Entries supplied:
────────────────────

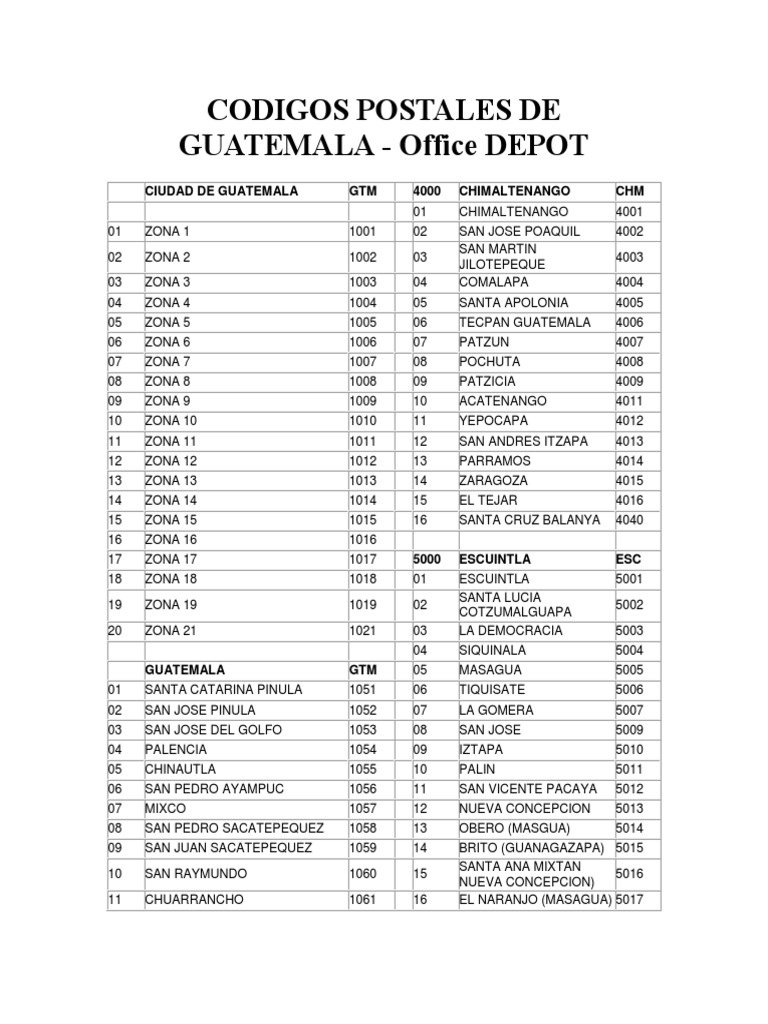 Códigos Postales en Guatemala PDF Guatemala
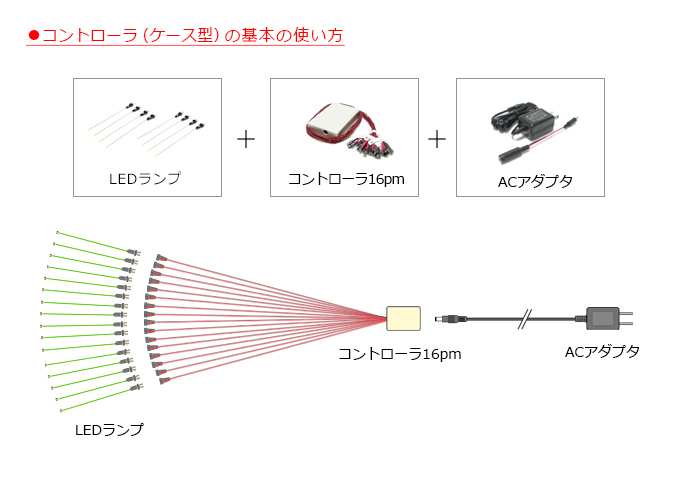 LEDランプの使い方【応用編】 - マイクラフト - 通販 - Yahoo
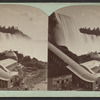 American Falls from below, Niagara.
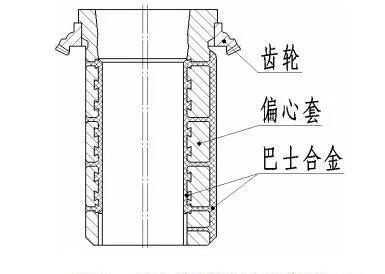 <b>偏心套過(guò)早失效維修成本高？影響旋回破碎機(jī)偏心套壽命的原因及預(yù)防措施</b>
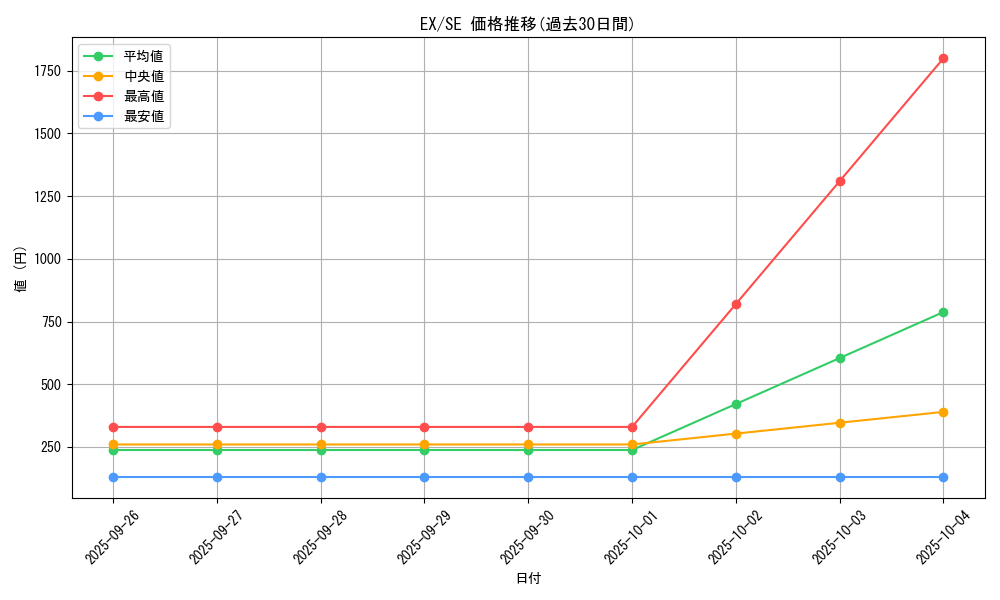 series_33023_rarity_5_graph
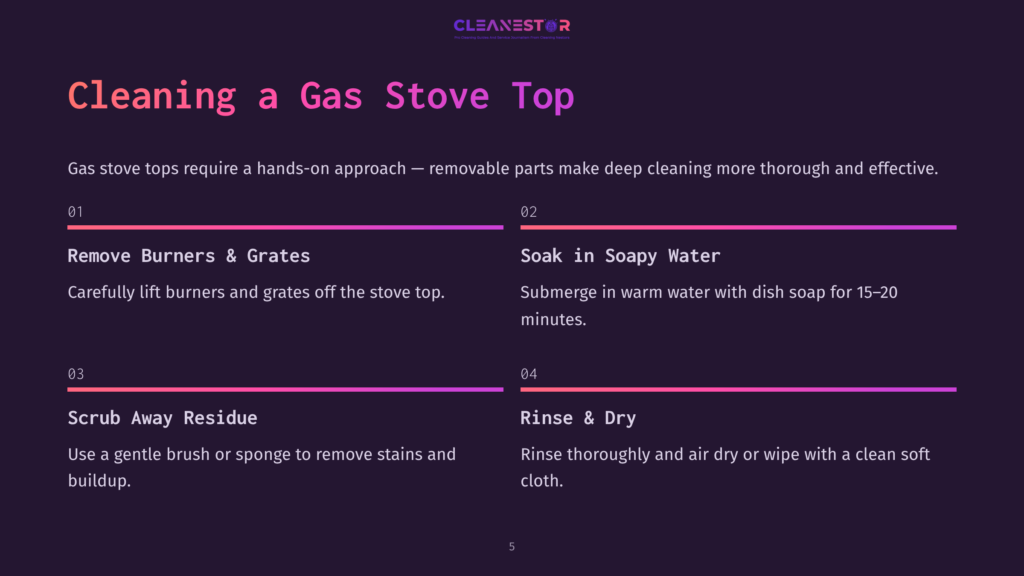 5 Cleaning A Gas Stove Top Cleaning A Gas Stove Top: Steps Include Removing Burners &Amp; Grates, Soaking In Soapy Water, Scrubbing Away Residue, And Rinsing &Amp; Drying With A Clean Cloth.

────────────────────

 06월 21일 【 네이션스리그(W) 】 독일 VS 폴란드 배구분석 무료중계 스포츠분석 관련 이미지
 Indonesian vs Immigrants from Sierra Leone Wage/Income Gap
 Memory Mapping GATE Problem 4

────────────────────

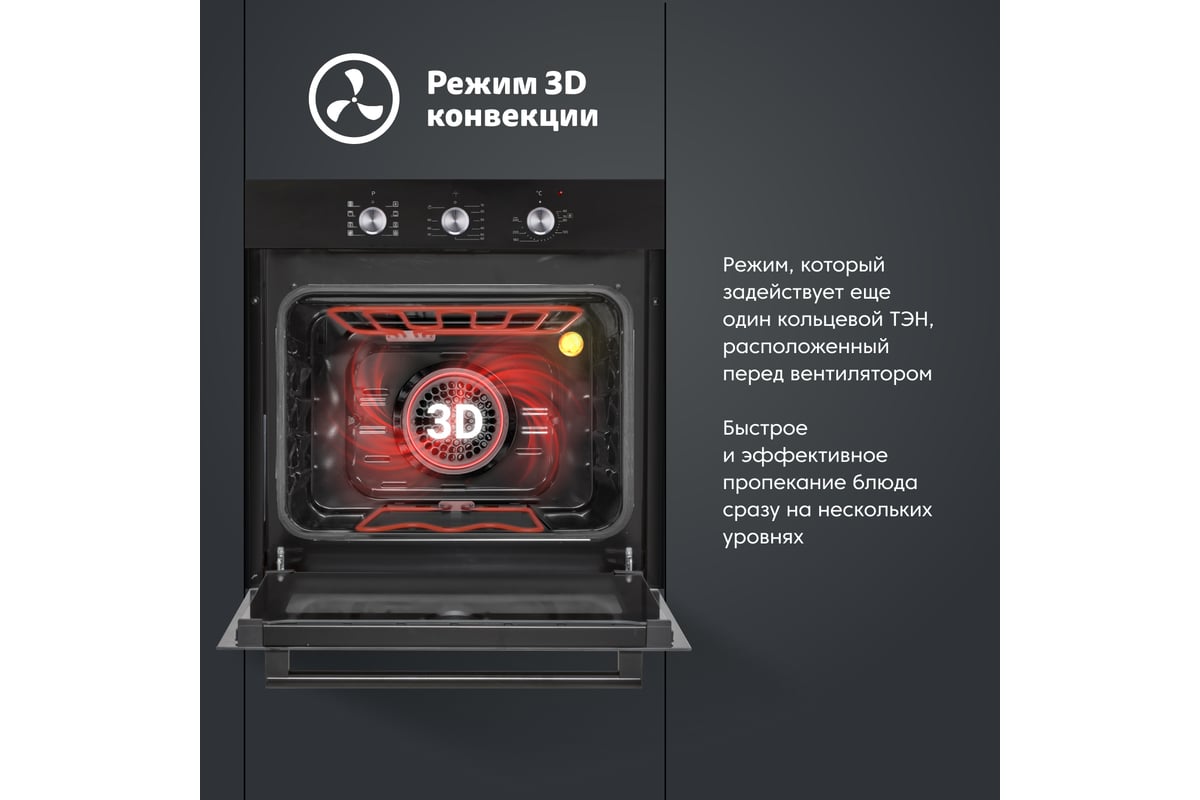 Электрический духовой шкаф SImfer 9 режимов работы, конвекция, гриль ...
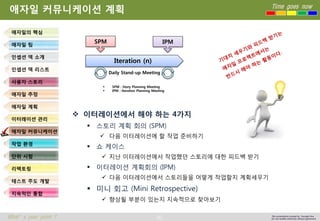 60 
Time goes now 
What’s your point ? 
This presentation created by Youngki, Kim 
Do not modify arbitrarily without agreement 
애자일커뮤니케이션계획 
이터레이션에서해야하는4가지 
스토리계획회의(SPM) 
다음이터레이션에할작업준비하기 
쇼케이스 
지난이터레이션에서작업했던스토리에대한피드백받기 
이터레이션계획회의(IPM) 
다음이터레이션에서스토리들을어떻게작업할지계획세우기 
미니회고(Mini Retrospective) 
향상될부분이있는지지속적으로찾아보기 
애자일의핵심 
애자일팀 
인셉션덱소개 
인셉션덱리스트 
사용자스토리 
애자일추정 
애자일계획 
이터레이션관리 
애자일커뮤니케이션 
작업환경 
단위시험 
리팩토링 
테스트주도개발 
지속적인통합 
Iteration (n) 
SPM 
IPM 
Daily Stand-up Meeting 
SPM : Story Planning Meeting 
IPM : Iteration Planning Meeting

────────────────────

To do:
Go through the material and report each line that holds the string "Meeting".

Your solution:
Daily Stand-up Meeting 
SPM : Story Planning Meeting 
IPM : Iteration Planning Meeting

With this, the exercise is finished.